Restate exactly the lines that run from the start of the records below to the line containing "2019 RAM 1500", counting both ends, and nothing else; pictures stay out.

(Supplied material begins)

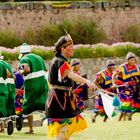 Mas del Inti Raymi, Cusco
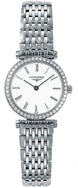 Longines Watch La Grande Classique de Longines Watch Ladies L4.241.0.11.6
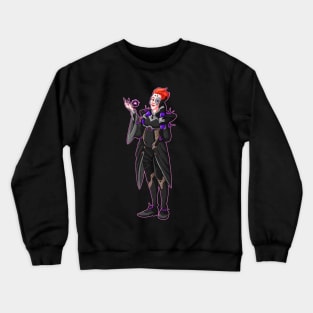 Moira Crewneck Sweatshirt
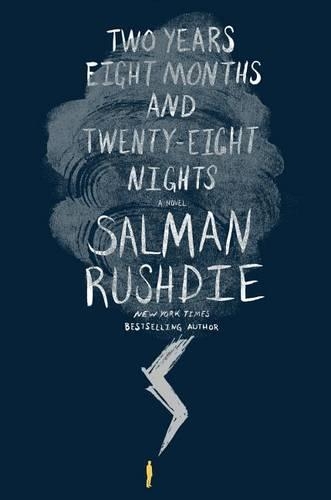 Two Years Eight Months and Twenty-Eight Nights: (English)
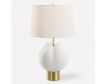 The Uttermost Company In Bloom Table Lamp small image number 1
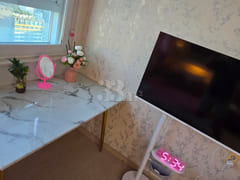 Perfect rating! Beautiful 2-bedroom unit. 4th image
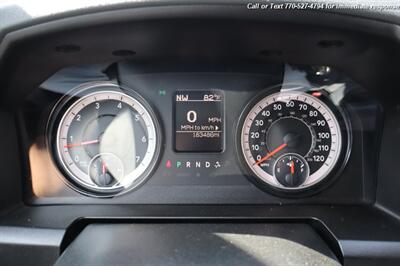 2019 RAM 1500 Classic Tradesman   - Photo 13 - Roswell, GA 30075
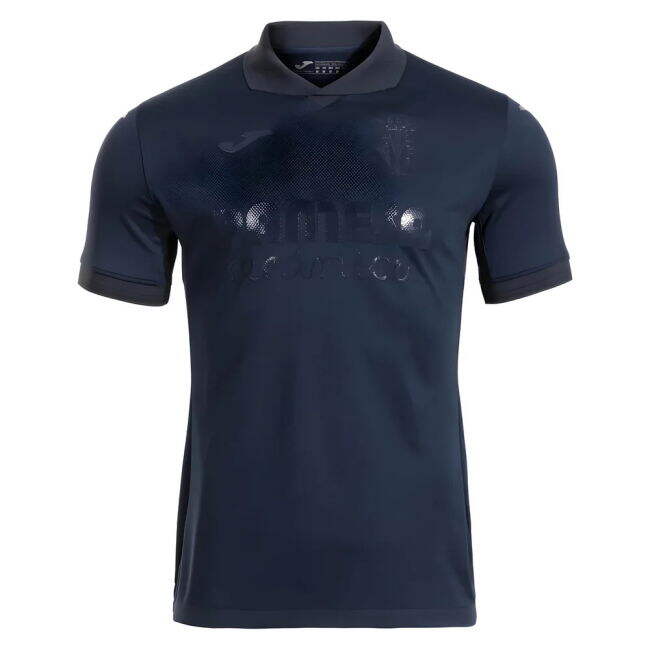 2025-2026 Villarreal Third Competitive Price Football Shirt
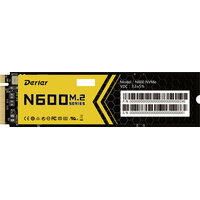 Derlar N600 NVMe N600-128GB-NVME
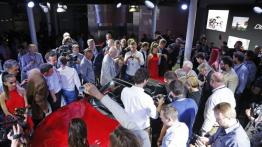 Mazda MX-5 IV (2015) - oficjalna prezentacja auta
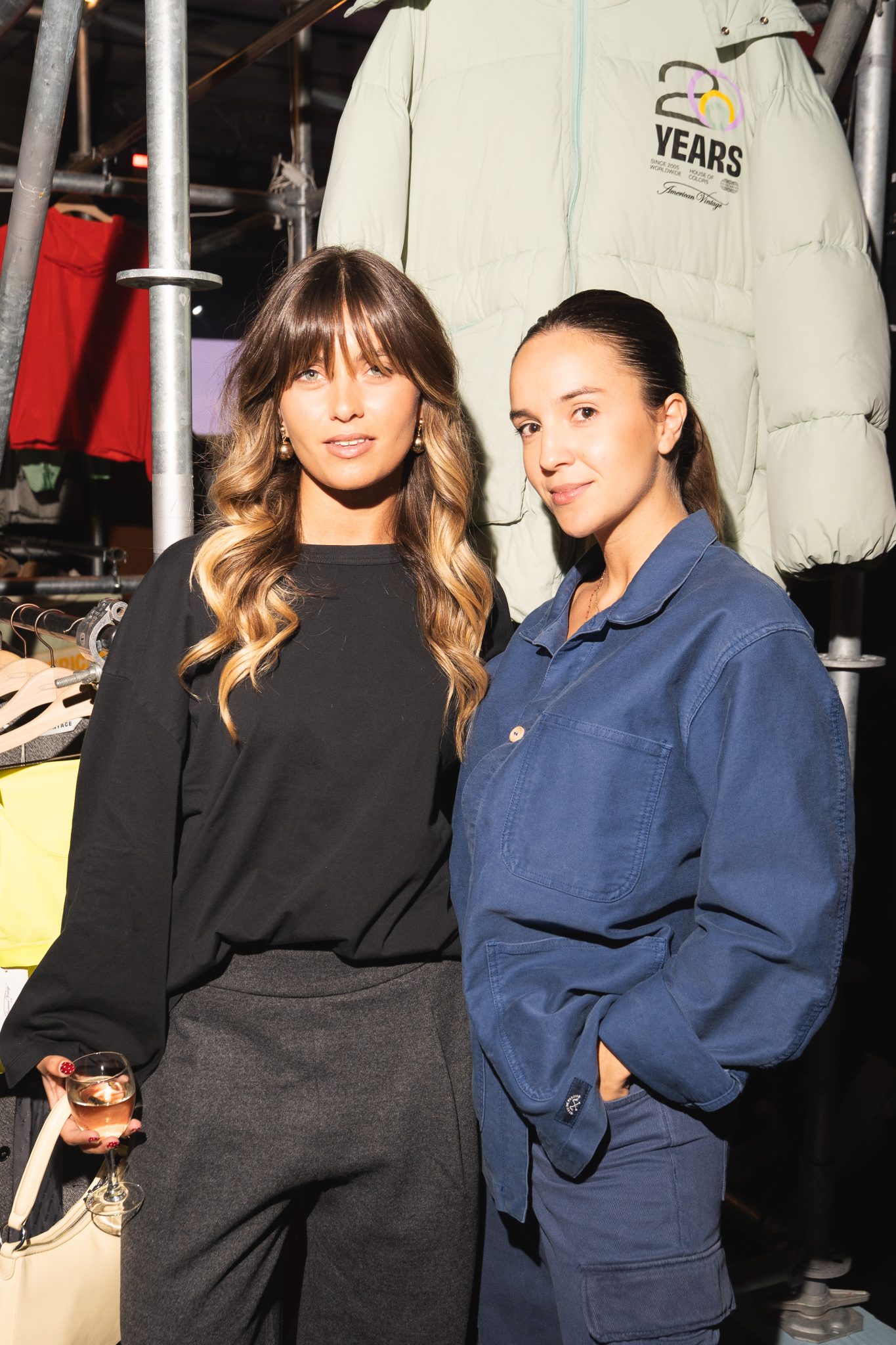  - American Vintage Celebrates the Final Stop of its Birthday Tour in its Hometown, Marseille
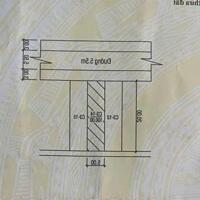 Bán đất Mỹ An Ngũ Hành Sơn đường 5m5 sẵn nhà mê lững kiên cố giá chỉ nhỉnh 5 tỷ.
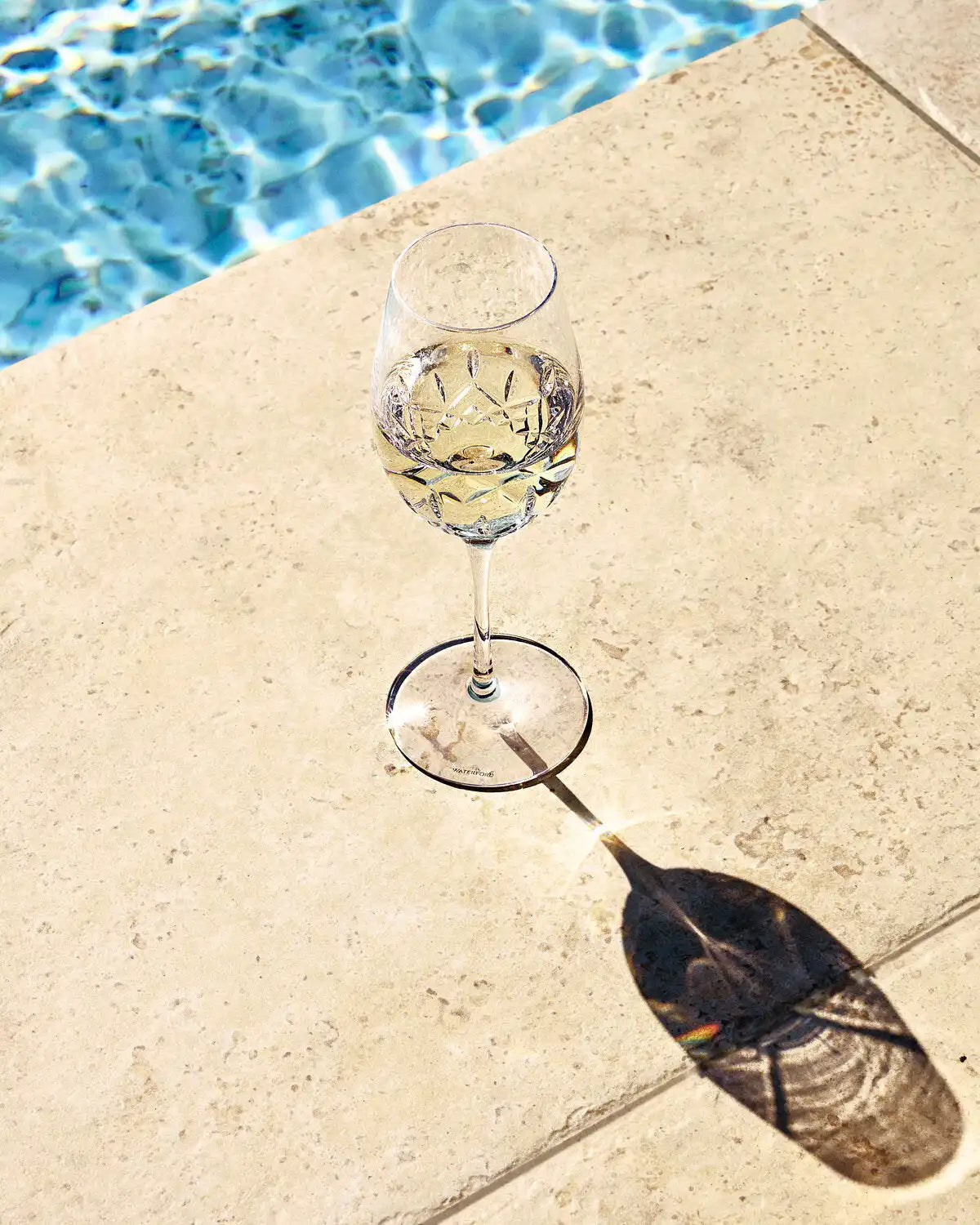 Lismore Essence White Wine, Set of 2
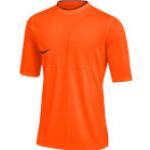 Maillots d'arbitre Nike Dri-FIT orange look fashion pour homme 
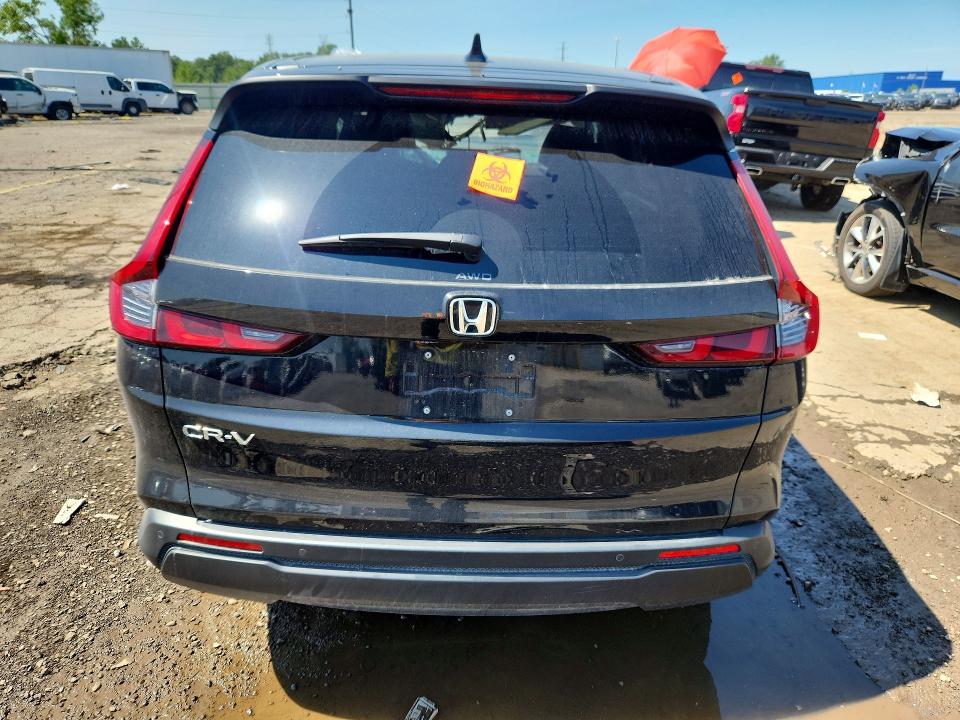 Aukcja sprzedaży 2026 Honda Cr-v, vin: 7FARS4H73TE002247, numer aukcji: 63928376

(Supplied material ends)

**Exercise result:**
 Mas del Inti Raymi, Cusco
 Longines Watch La Grande Classique de Longines Watch Ladies L4.241.0.11.6
 Moira Crewneck Sweatshirt
 Two Years Eight Months and Twenty-Eight Nights: (English)
 The Uttermost Company In Bloom Table Lamp small image number 1
 Perfect rating! Beautiful 2-bedroom unit. 4th image
 2019 RAM 1500 Classic Tradesman   - Photo 13 - Roswell, GA 30075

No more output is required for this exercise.